Pada tahun 1950, tidak ada kasus pembunuhan yang lebih mencengangkan daripada kasus Sam Sheppard. Sheppard adalah dokter terhormat yang telah membunuh istrinya.
Sheppard menjalani hukuman 10 tahun penjara. Kala itu, ia mengatakan bahwa ia berusaha melawan “penyusup berambut lebat” pada malam pembunuhan itu. Kasus ini pun mengilhami sebuah acara televisi dan film berjudul “The Fugitive”.
Persidangan tersebut menjadi perbincangan hangat di berbagai media. Akhirnya, Mahkamah Agung Amerika Serikat memerintahkan sebuah tuntutan ulang, dan Sheppard pun dibebaskan. Pada saat itu, tes DNA tidak tersedia untuk mengidentifikasi tersangka dari sampel darah di tempat kejadian.
Sheppard meninggal pada tahun 1970. Tujuh tahun kemudian, anaknya meminta penggalian kembali jasad Sheppard untuk memecahkan kebenaran. Akhirnya, terungkap bahwa DNA Sheppard tidak sesuai dengan darah dari tempat kejadian.
Tersangka justru terarah pada Richard Eberling, mantan pembersih jendela yang kemudian dihukum karena membunuh seorang wanita tua yang tidak berhubungan dengan kasus tersebut. Eberling tidak berbulu lebat, tetapi diketahui memakai rambut palsu.
Kasus ini sangat penting dalam peningkatan penggunaan sampel DNA yang tersimpan untuk memecahkan pembunuhan yang telah lama terjadi.
Misteri Evita
Beberapa orang terkenal menjadi lebih terkenal setelah meninggal. Hal ini terjadi pada Eva Peron atau Evita Peron, wanita pertama Argentina yang ikonik, yang meninggal karena kanker pada tahun 1952 di usia 33 tahun.

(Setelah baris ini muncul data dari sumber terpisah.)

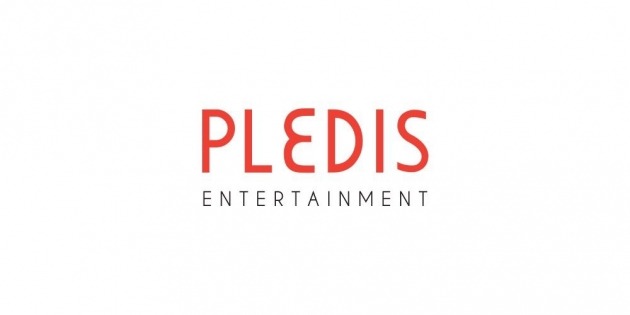 플레디스 엔터테인먼트 로고./ 사진제공=플레디스 엔터테인먼트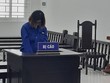 Lừa 4,1 tỷ đồng góp vốn kinh doanh ki-ốt chợ Ninh Hiệp của người thân, lĩnh án 16 năm tù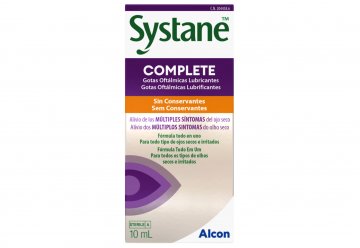 Systane Complete (PORTADA)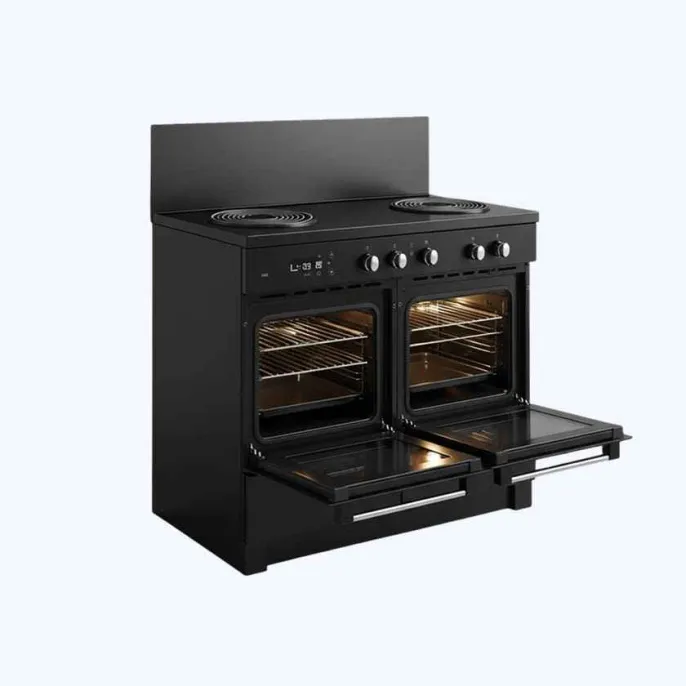 Кухонная плита ThermoZen NET8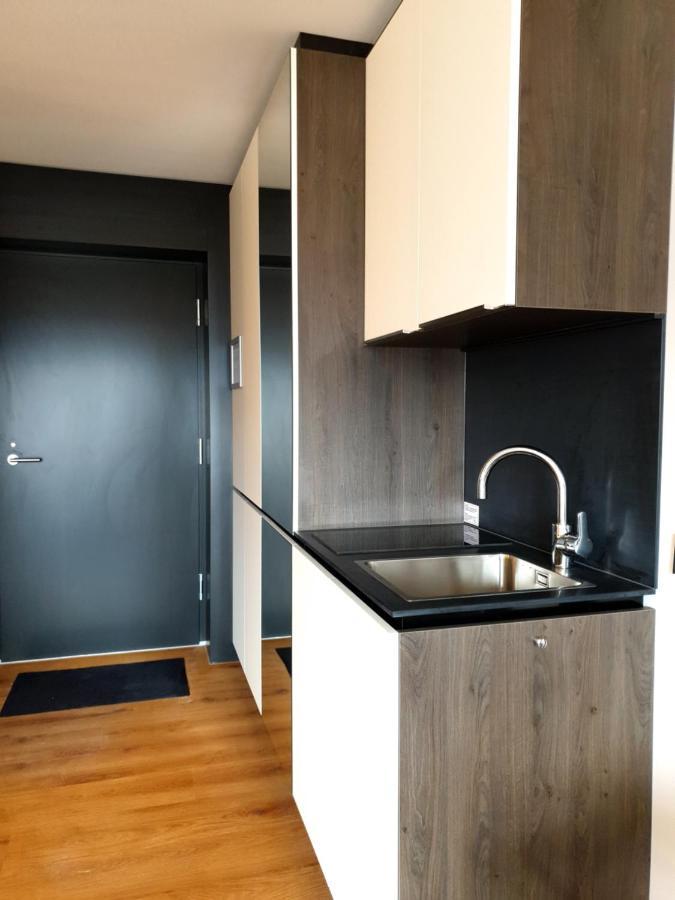 Standard Doppelzimmer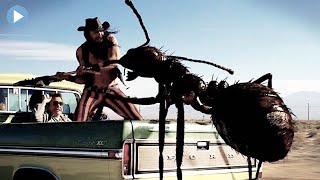 KILLER ANTS: THEY ARE COMING FOR YOU 🎬 Full Horror Movie Premiere 🎬 English HD 2022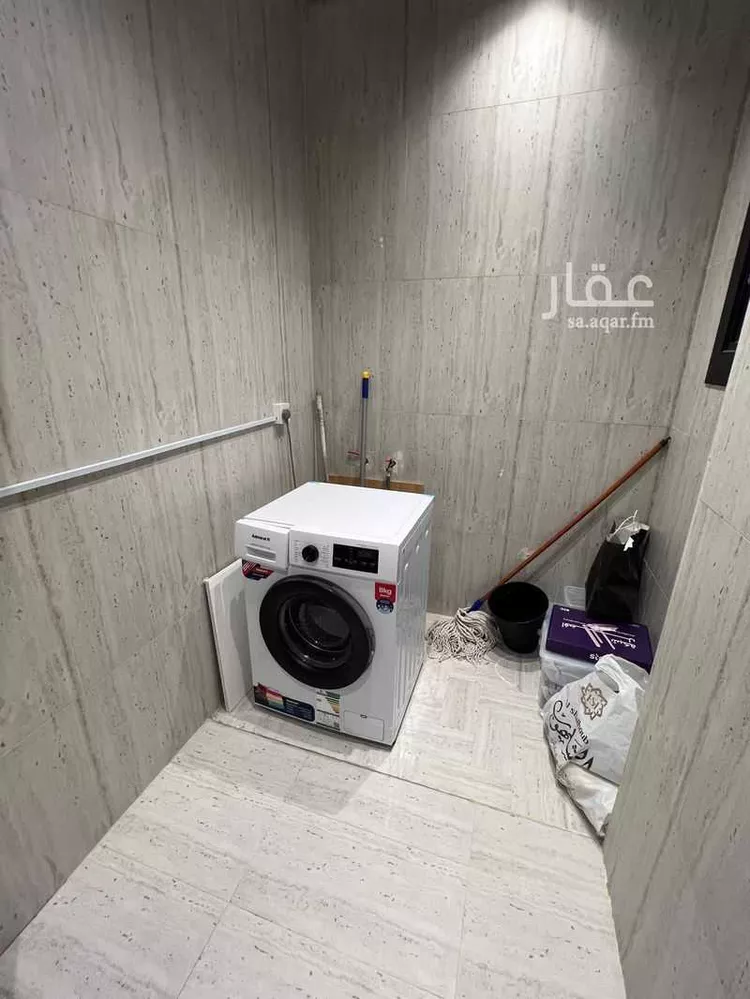 شقة للإيجار في شارع محمد بن عبدالعزيز العجاجي, حي القيروان, مدينة الرياض, منطقة الرياض 12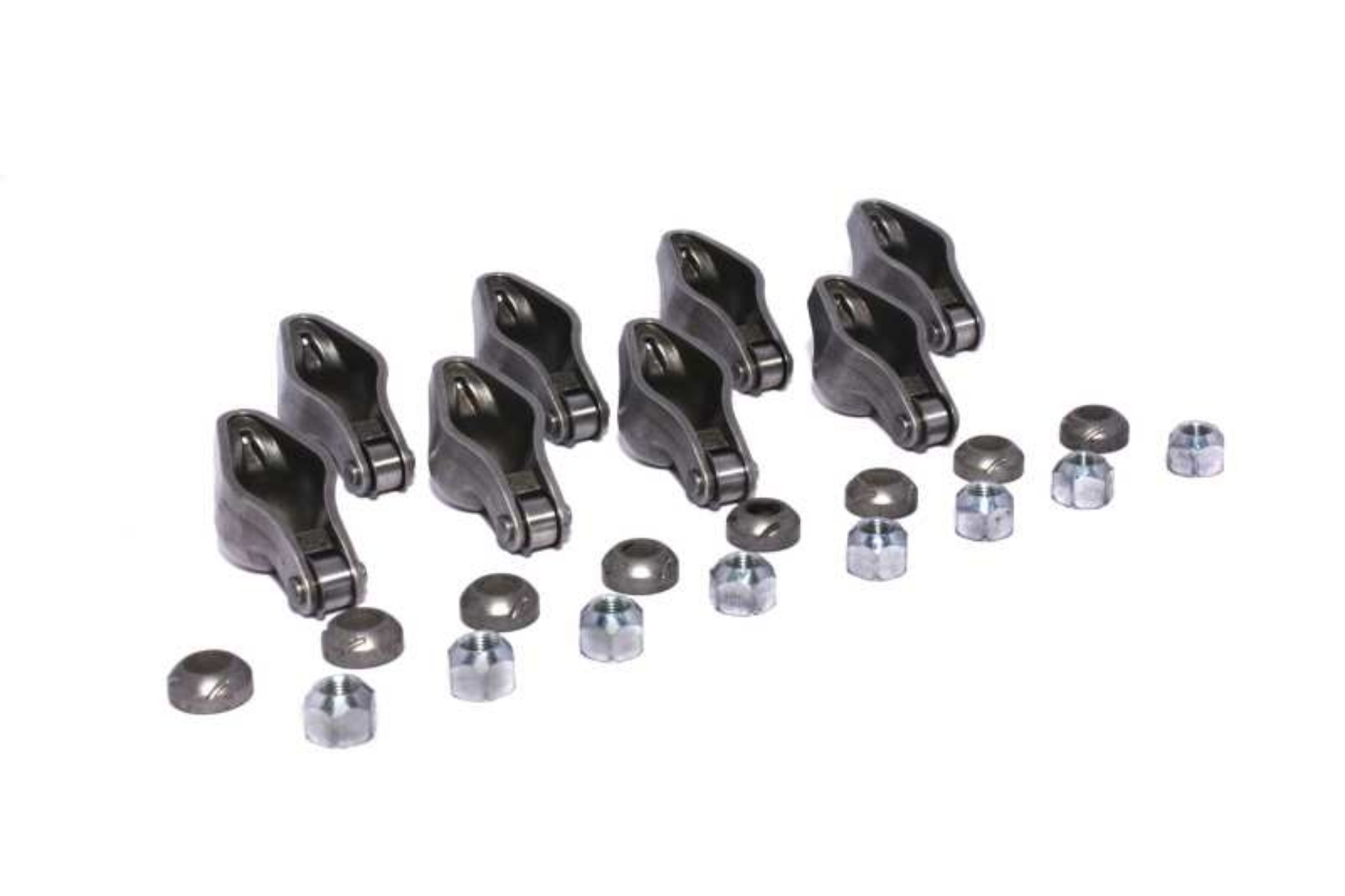 Picture of COMP Cams Magnum Roller Rockers Chevy SB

Jasad Peron yang sudah dibalsem dengan rapi itu dirontgen, kemudian disembunyikan dan dipindahkan selama 20 tahun sebagai bagian dari pertempuran politik yang kontroversial. Setelah bertahun-tahun di Italia, tubuhnya digali dan dibawa kembali ke Argentina. Jasad tersebut akhirnya terbaring di bawah tiga lempeng baja di Buenos Aires.
Penguburan itu masih menimbulkan pertanyaan mengenai Evita. Pada tahun 2012, seorang ahli bedah saraf dan ahli lainnya menerbitkan sebuah laporan. Laporan tersebut berdasarkan pada foto-foto rontgen tua yang menunjukkan bahwa Peron mungkin telah dilobotomi sebelum kematiannya.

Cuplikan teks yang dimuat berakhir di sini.